- [Entries provided]:
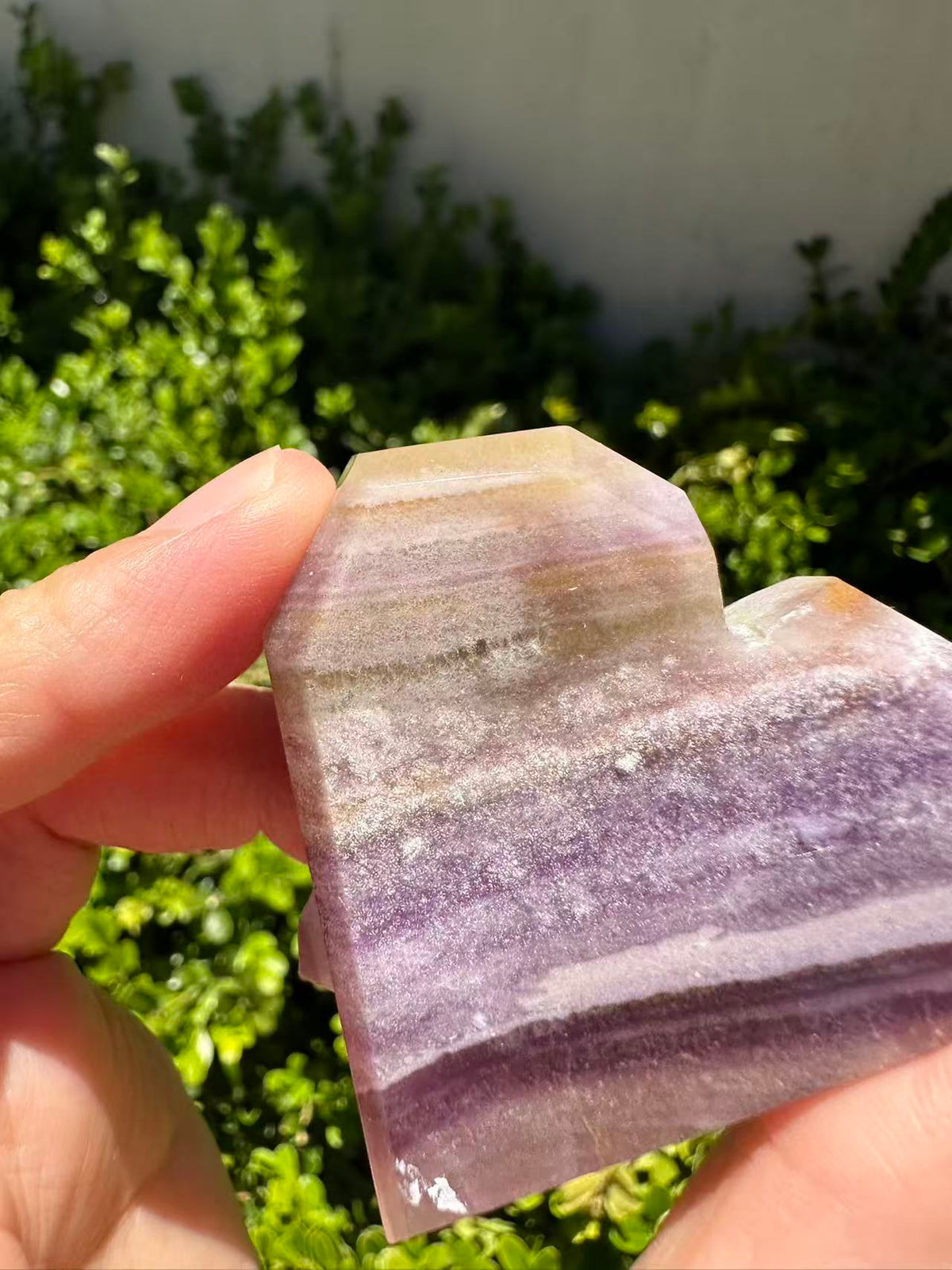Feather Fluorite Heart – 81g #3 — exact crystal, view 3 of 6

--

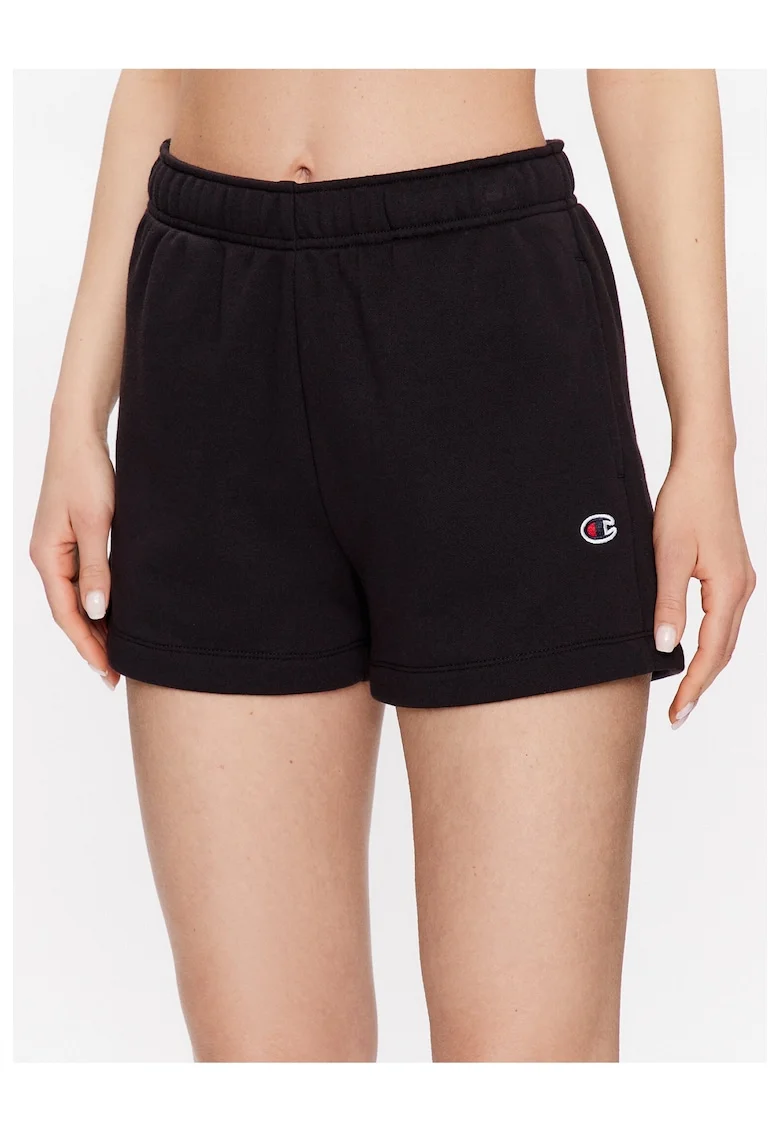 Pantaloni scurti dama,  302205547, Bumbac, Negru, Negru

...

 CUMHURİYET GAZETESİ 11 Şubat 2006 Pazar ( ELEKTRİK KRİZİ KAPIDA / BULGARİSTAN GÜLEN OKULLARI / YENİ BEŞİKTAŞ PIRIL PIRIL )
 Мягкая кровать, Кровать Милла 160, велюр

- [Instructions for the task]:
Output the lines above between the one holding "CUMHURİYET GAZETESİ 11" and the one holding "Мягкая кровать, Кровать Милла 160, велюр", inclusive, with nothing before or after them.

- [Expected output]:
 CUMHURİYET GAZETESİ 11 Şubat 2006 Pazar ( ELEKTRİK KRİZİ KAPIDA / BULGARİSTAN GÜLEN OKULLARI / YENİ BEŞİKTAŞ PIRIL PIRIL )
 Мягкая кровать, Кровать Милла 160, велюр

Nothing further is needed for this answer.